Buku penting kedua telah saya singgung diatas, terbit setelah duapuluh tahun dari buku Laffan, yang juga absen dalam referensi, adalah karya Lin Hongxuan Ummah Yet Proletariat: Islam, Marxism, and the Making of the Indonesian Republic (2023). Buku ini menurut pendapat saya sangat penting karena menunjukkan dengan sangat meyakinkan tentang hampir tak terpisahkannya Islam dan Marxisme dalah sejarah gerakan kemerdekaan Indonesia. Sebuah artikel dari Lin Hongxuan, seorang akademisi muda yang saat ini menjadi pengajar di NUS telah dijadikan referensi dalam kata pengantar, dan ini menunjukkan telah terbukanya kemungkinan untuk membaca tulisan-tulisan Lin Hongxuan yang lebih lengkap tentang Islam dan Marxisme.  
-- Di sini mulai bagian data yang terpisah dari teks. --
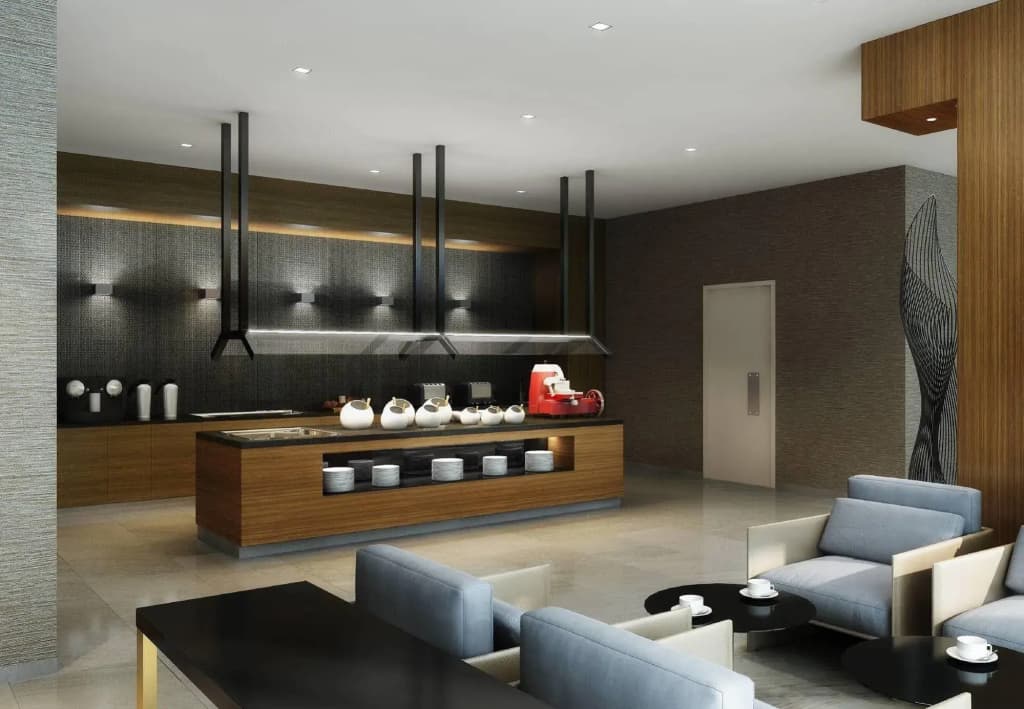 AC Hotel Chapel Hill Downtown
Komunisme ditabukan untuk dibicarakan tidak hanya di Indonesia tapi juga di Singapura atau Malaysia, tiga negara di Asia Tenggara yang sama-sama pernah memiliki Partai Komunis atau setidaknya Partai Sosialis. Sebagai bagian dari Perang Dingin kita mengetahui negara-negara di Asia Tenggara oleh Amerika Serikat dan para sekutunya seperti Inggris dan Australia dijadikan sebagai sebuah blok (ASEAN) untuk membedung komunisme.  Sejak awal tahun 1970an kawasan Asia Tenggara berkembang dibawah rejim pemerintahan yang otoriter dalam ekosistim yang kapitalistk. Yoshihara Kunio dalam bukunya The rise of ersatz capitalism in South-East Asia (1988) menggambarkan kapitalisme yang berkembang di Asia Tenggara, termasuk Indonesia sebagai “Erzats Capitalism” (kapitalisme semu, kapitalisme tiruan). 
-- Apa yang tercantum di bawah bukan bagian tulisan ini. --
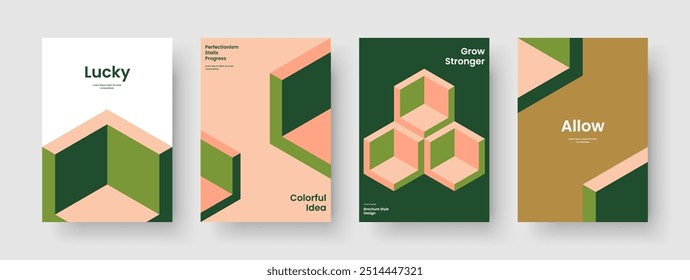 Modern Poster Template. Geometric Flyer Design. Creative Background Layout. Brochure. Business Presentation. Book Cover. Report. Banner. Catalog. Advertising. Portfolio. Leaflet. Brand Identity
Tahun 1965 bisa dikatakan sebagai awal dari sebuah periode dalam sejarah Indonesia dimana perkembangan pemikiran dalam ilmu-ilmu sosial dikuasai oleh pemikiran-pemikiran barat yang merupakan bagian dari strategi imperialisme global – meminjam istilah yang dipakai oleh Muhamad Ridha dalam bukunya – yang meminggirkan pemikiran-pemikiran Marxis dan komunistis. Implikasi dari diamputasinya komunisme di Asia Tenggara dan khususnya di Indonesia adalah hilangnya pemikiran-pemikiran yang menekankan pentingnya sosialisme dan keadilan sosial. Dalam konteks pembangunan  ekonomi, Indonesia menganut paradigma pertumbuhan yang dengan sendirinya meminggirkan paradigma pemerataan – yang sering dikonotasikan sebagai paradigma yang bersifat sosialistis atau marxistis, bahkan komunistis. Oleh karena itu terbitnya buku Muhammad Ridha Sejarah Kiri Dunia Islam (Intrans Publishing, Mei 2025) patut diapresiasi oleh kalangan ilmuwan sosial di Indonesia yang selama ini dipaksa memakai kacamata kuda untuk hanya memamah biak pemikiran-pemikiran barat yang anti pemerataan dan keadilan sosial.

Sentani Jayapura, 27 September 2025

——

*Riwanto Tirtosudarmo, Peneliti Independen.